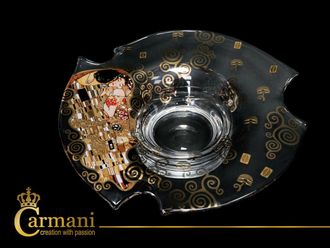 OEM Carmani, Placa De Vidrio - Gustav Klimt El Beso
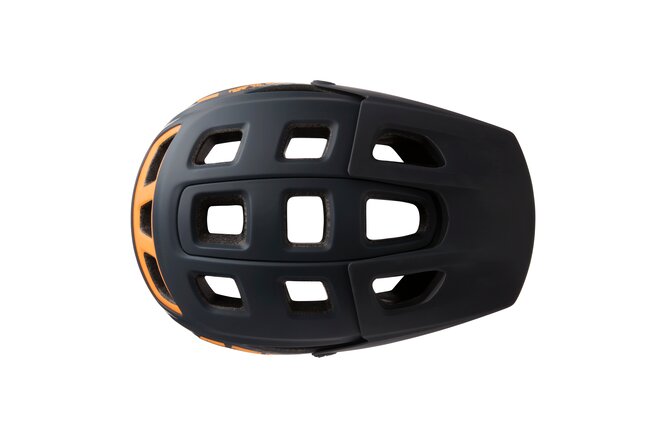 LAZER Unisex MTB Impala MIPS Helm matte cobalt orange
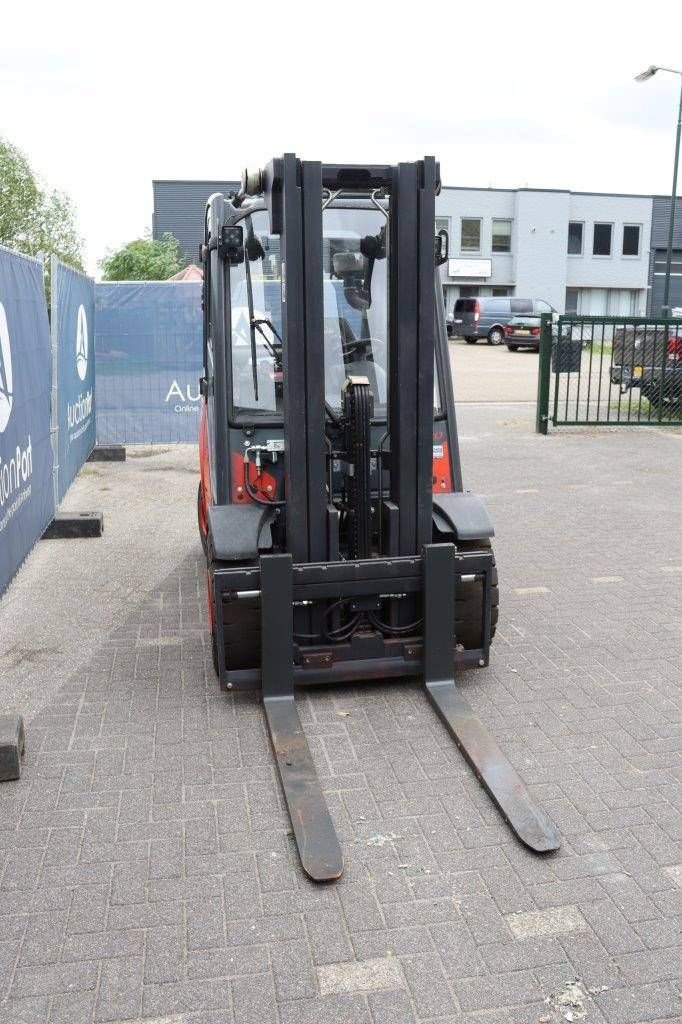 Frontstapler typu Linde H30D-02, Gebrauchtmaschine w Antwerpen (Zdjęcie 8)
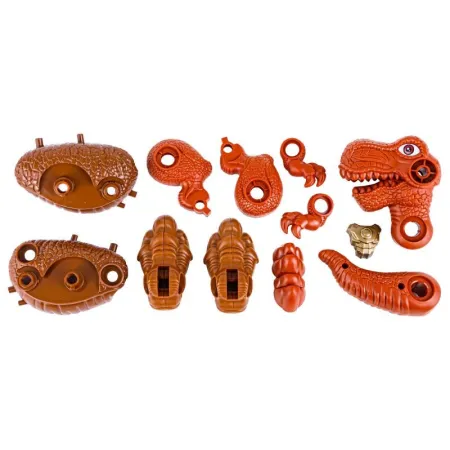 Klocki Konstrukcyjne, DINOZAURY Do Skręcania I Rozkręcania-1649032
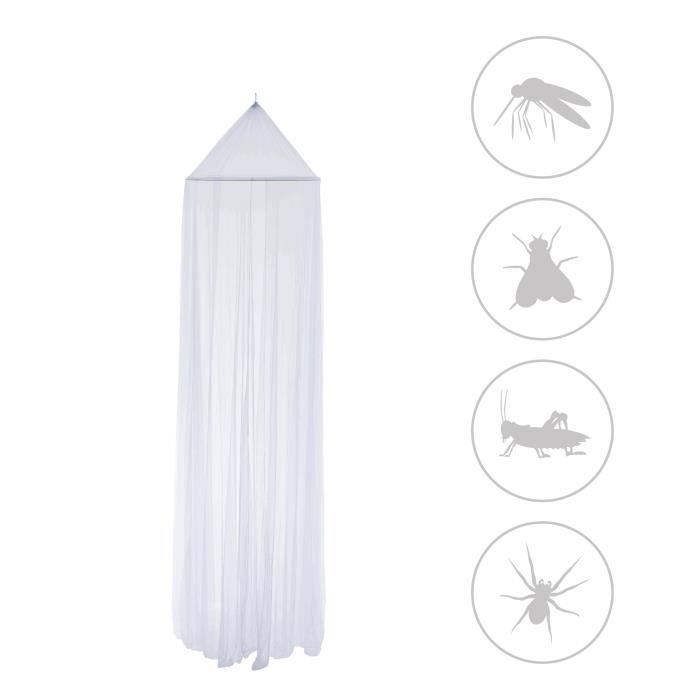 Moustiquaire anti-insectes 210x100 cm avec fixation magnétique Pro Plus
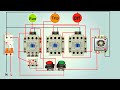 Auto Star Delta Starter Control Circuit Electrical Control Wiring
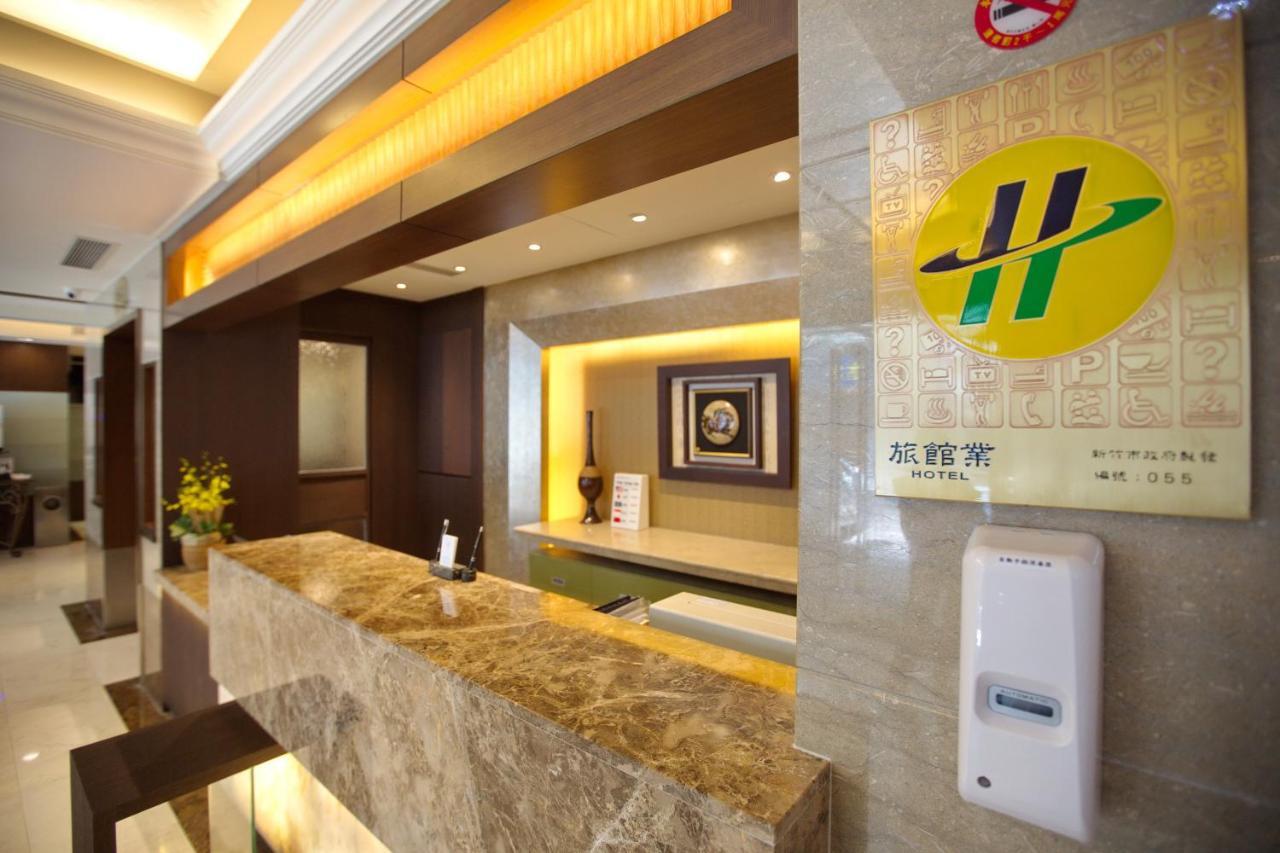 Shin Yuan Celeb Metro Hotel Hsinchu Exterior foto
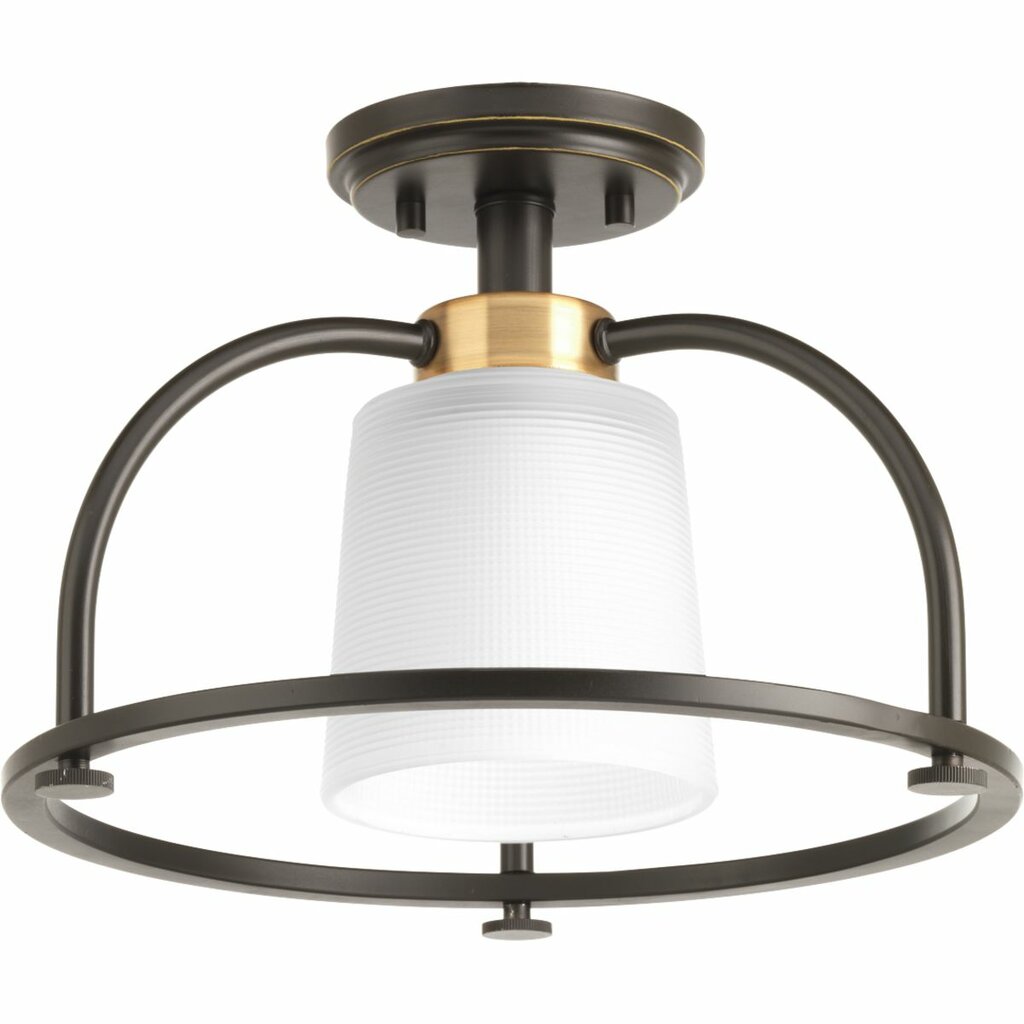 Progress Lighting P350032-020 Fixture A modern form with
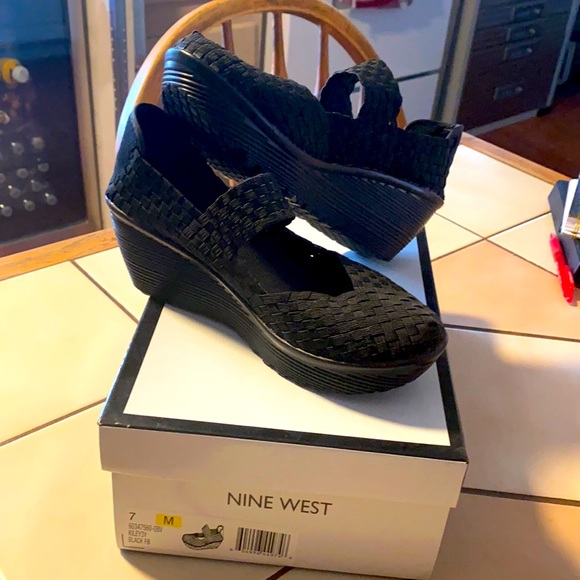 Nine West platform women’s shoes - Picture 1 of 3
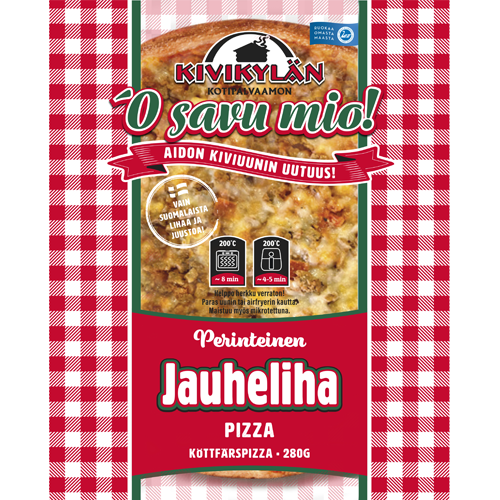 Jauhelihapizza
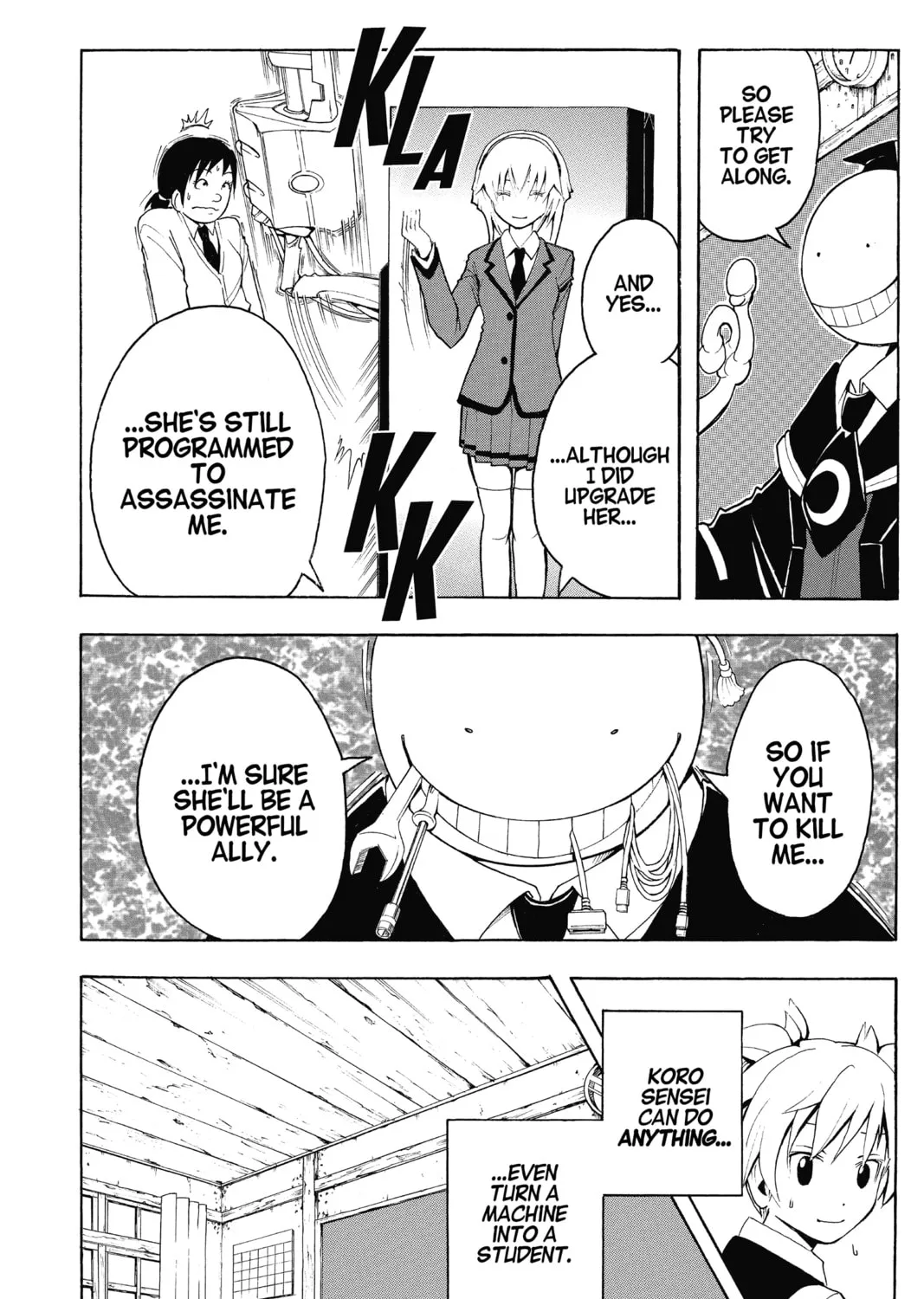 Assassination Classroom, chapter 22, page 7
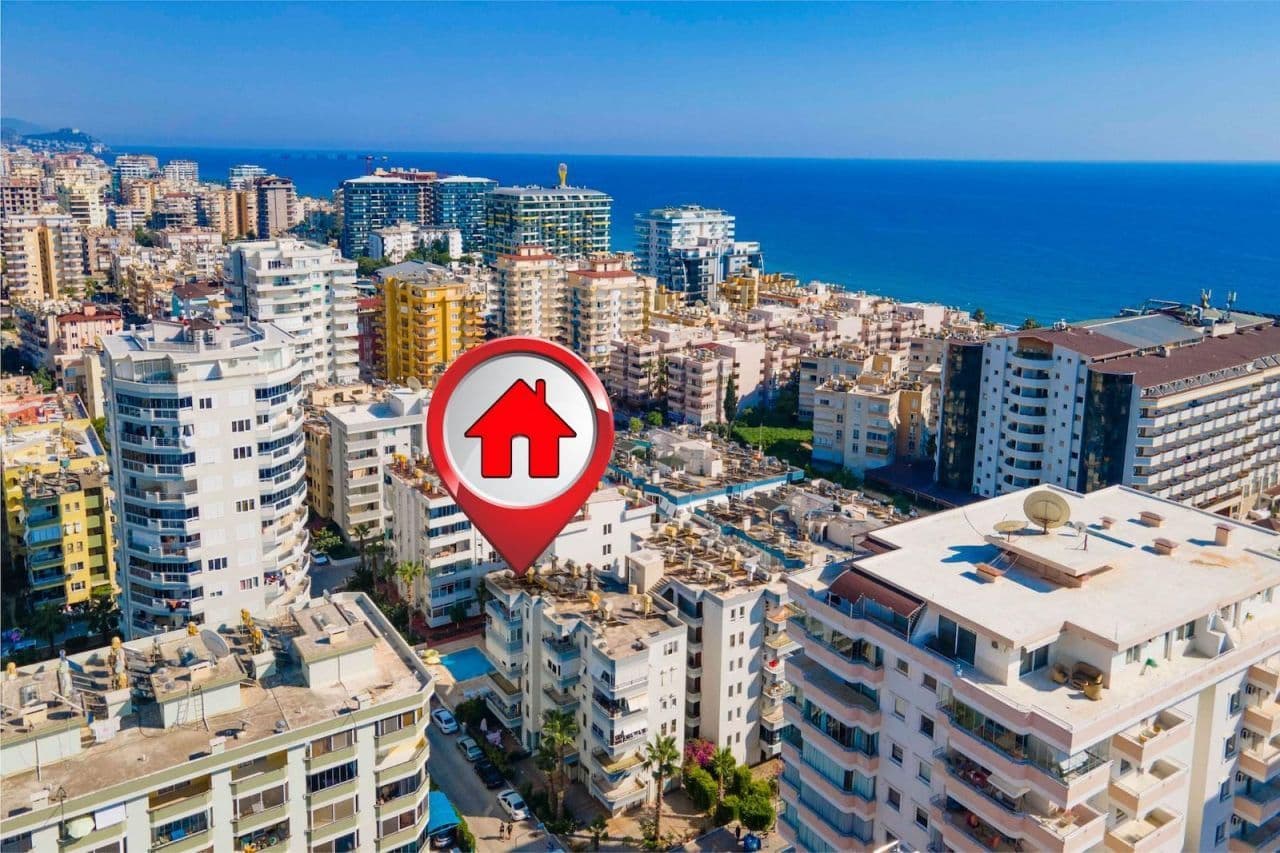 Квартира в Алании, Турция, 100 м², фото 2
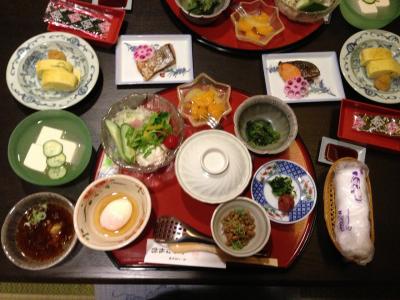 京都らしい旅館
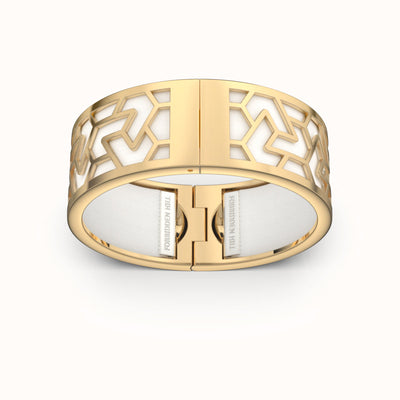 Iskandar Bangle Lychee White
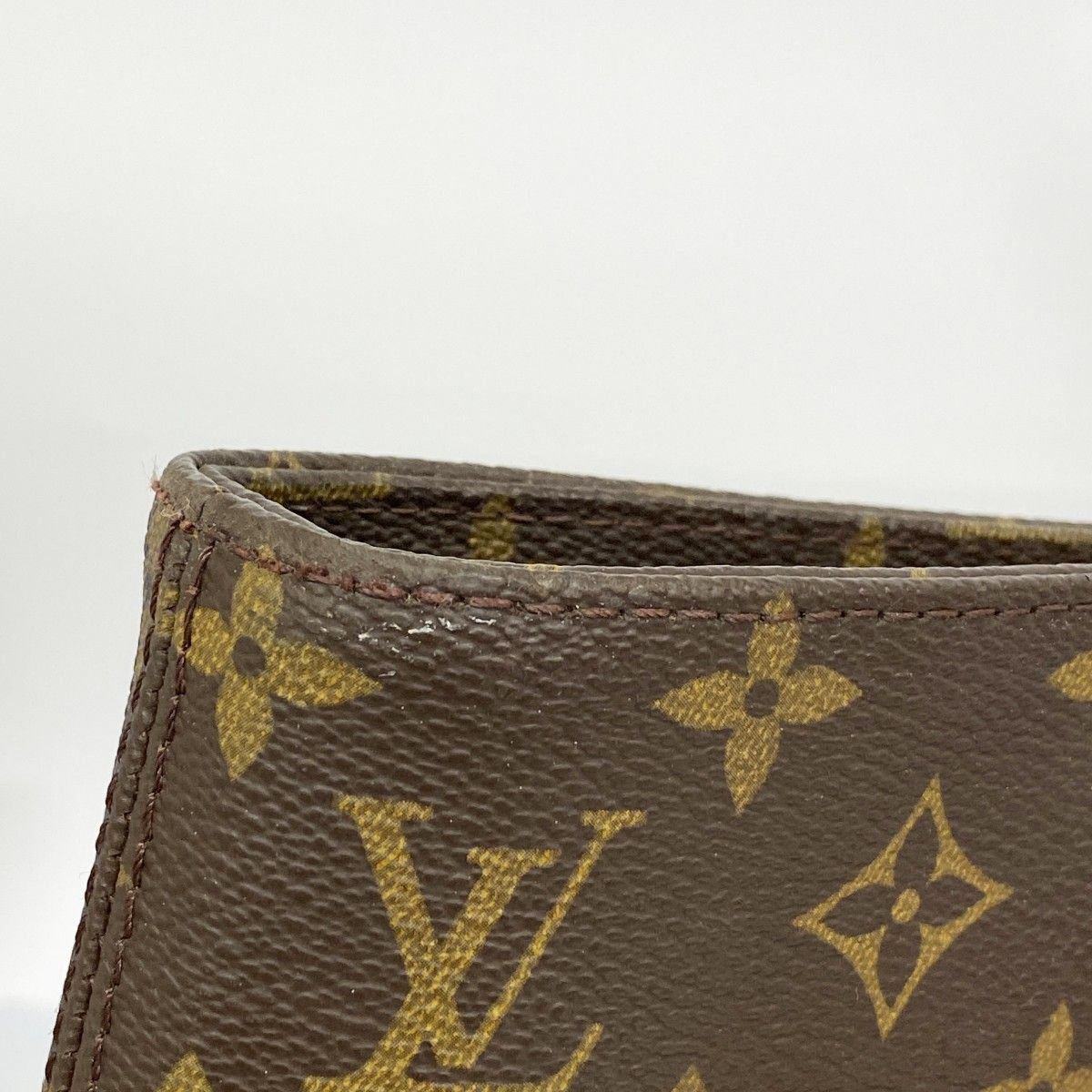Louis Vuitton Tote Monogram Luco Brown — view 6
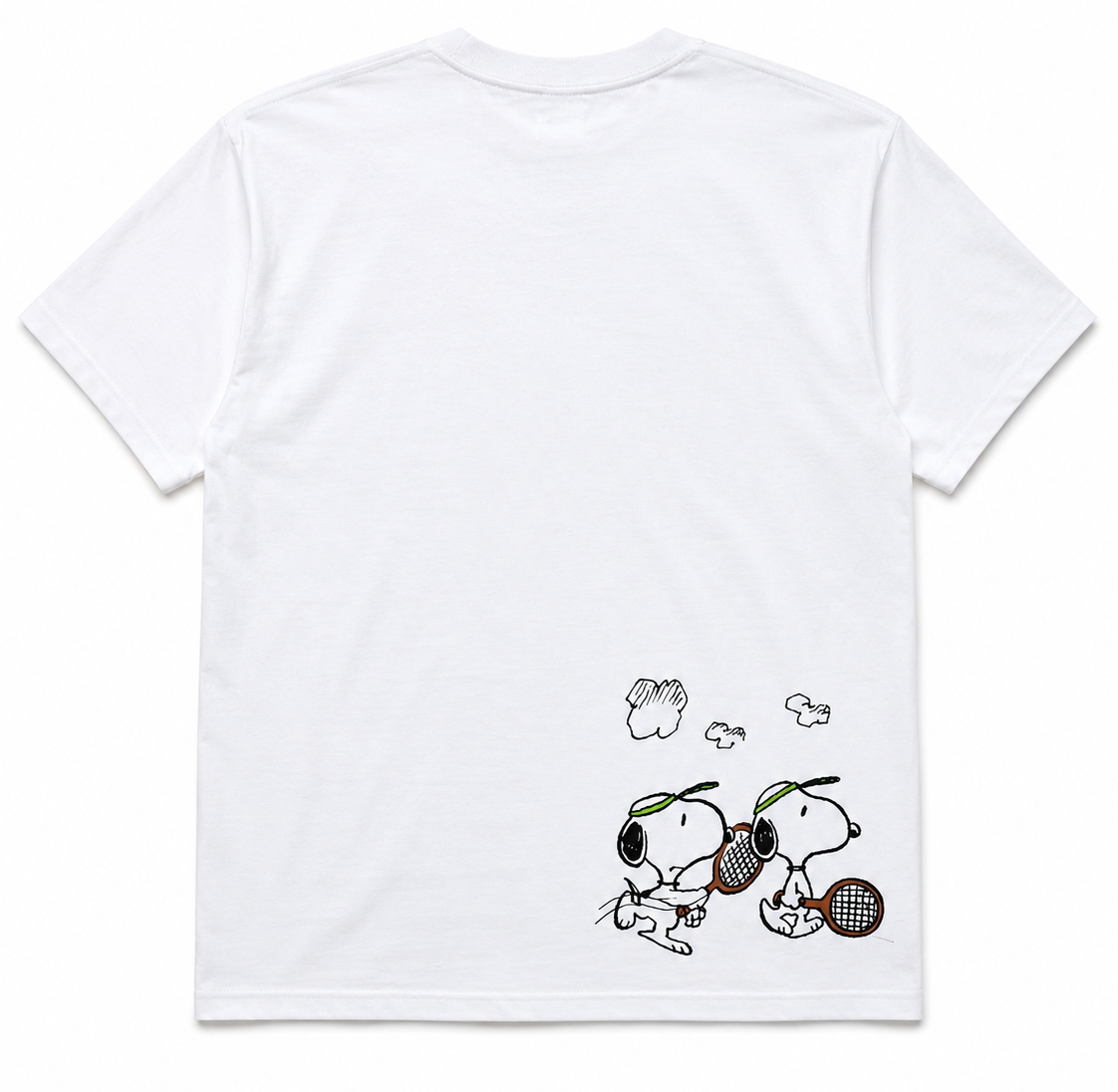 ASSORTED PEANUTS SNOOPY T-SHIRTS MULTI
====================
Word for word, set down the lines from the line with "Assassination Classroom, chapter 22, page 7" through the last line of the entries, and nothing else; the pictures stay out.

Solved exercise:
 Assassination Classroom, chapter 22, page 7
 Квартира в Алании, Турция, 100 м², фото 2
 京都らしい旅館
 Iskandar Bangle Lychee White
Louis Vuitton Tote Monogram Luco Brown — view 6
 ASSORTED PEANUTS SNOOPY T-SHIRTS MULTI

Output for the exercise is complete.